J. Walter Wilson Student Resource Building at Brown University
The J. Walter Wilson Laboratory is located at the corner of Brown and Waterman Streets, across from the Faunce Arch, with the opportunity of being a gateway building to the campus. The original building, a 1960’s modern brick and limestone monolith, and the 1980’s brick pier addition with mirrored glazing, never engaged the campus despite its optimal location.
Recasting the former laboratory as a student resource building and vibrant communications hub required a multi-faceted approach. At the entrance, LLB Architects removed the bifurcated exterior brick stairs and shifted the entrance from the second floor to the first floor, cleared out many of the exterior masonry and concrete walls to allow light and views to enter the lower entry level, and removed the inelegant diagonal between the two towers. In its place, we extended the glass curtain wall up to form a “beacon-like” tower. This allows building inhabitants to visually connect with the campus around them. The campus community can in turn visually and physically connect with the new communications hub.

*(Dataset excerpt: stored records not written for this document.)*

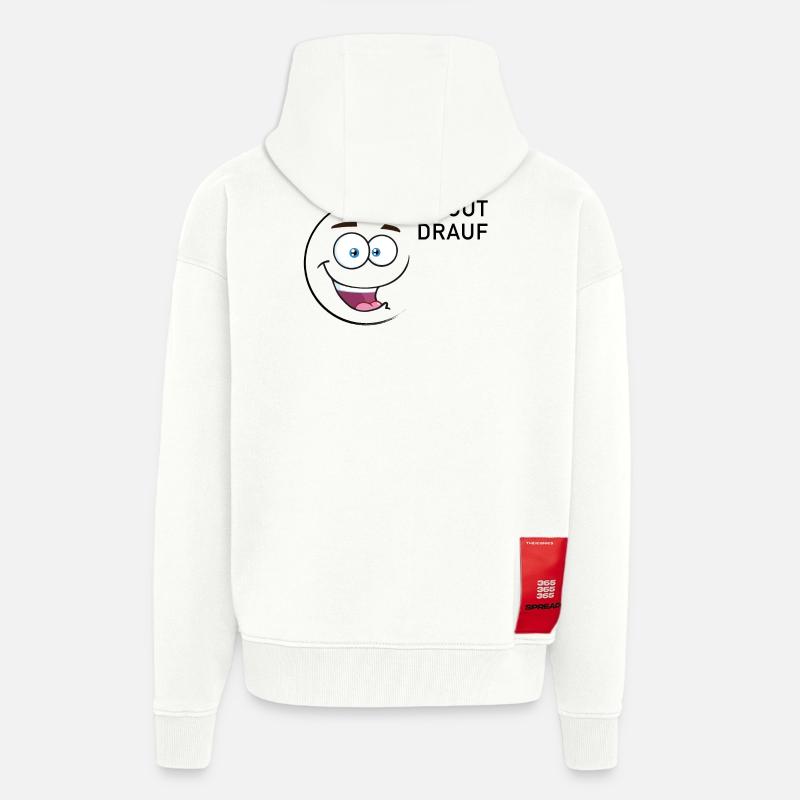 Immer gut drauf | smiley - Zip Hoodie - made by SPREAD - OFF WHITE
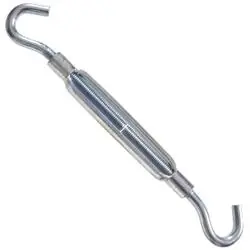HILLMAN 321928 Turnbuckle, 320 lb Working Load, 1/2-13 Thread, Hook, Hook, Steel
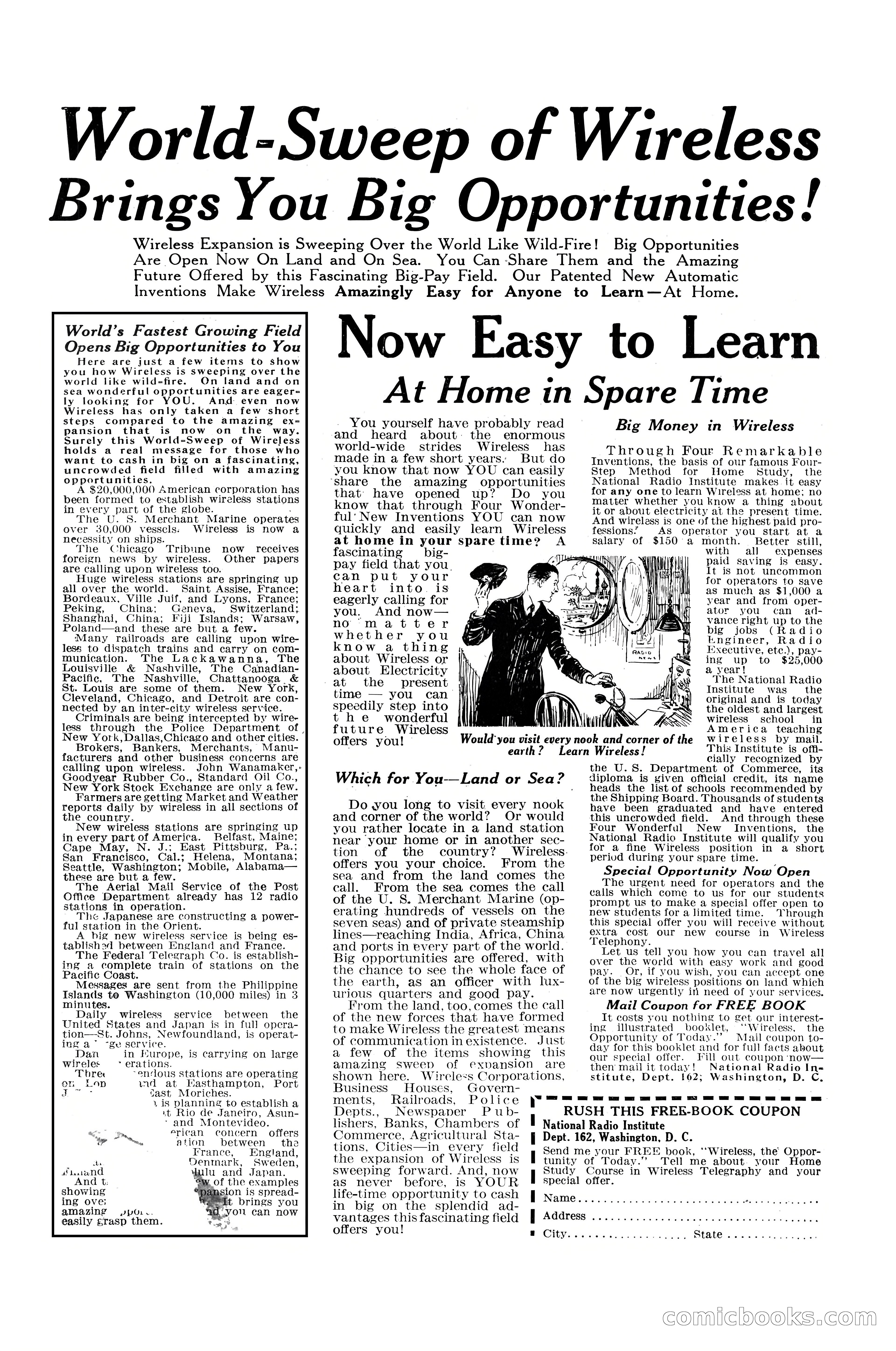 Adventure Magazine, February 28, 1922 — page 203 of 204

The 66,000 sf program for the J. Walter Wilson adaptive reuse project included relocating and consolidating eleven different administrative and student service departments from buildings scattered around campus to enable other capital projects to move forward; relocating campus mail services, with the associated service deliveries, volume of traffic, and security considerations; providing eight to twelve registrar classrooms; and coordinating with campus chiller project planned to occupy the top floor. A new entrance and legible circulation were not required parts of the program, but seemed essential to a successful solution.
Designed as a purpose-built laboratory building, with rigorous 10-foot structural grid, tilt-up concrete shear walls and labyrinthian circulation, the bunker-like architecture strongly resisted transformation to support its rebirth as a communications hub for the campus. The overriding charge to the team for this project was that, as an “enabling” project to allow other slated capital projects to move forward, the schedule was absolutely fixed. With the construction manager as the architect’s partner as a design/build team, they worked closely to ensure that budget and schedule were met along with the design objectives. Together the team developed detailed phasing to bring portions online, with the occupancy and full functionality of the building complete before classes started in September 2008.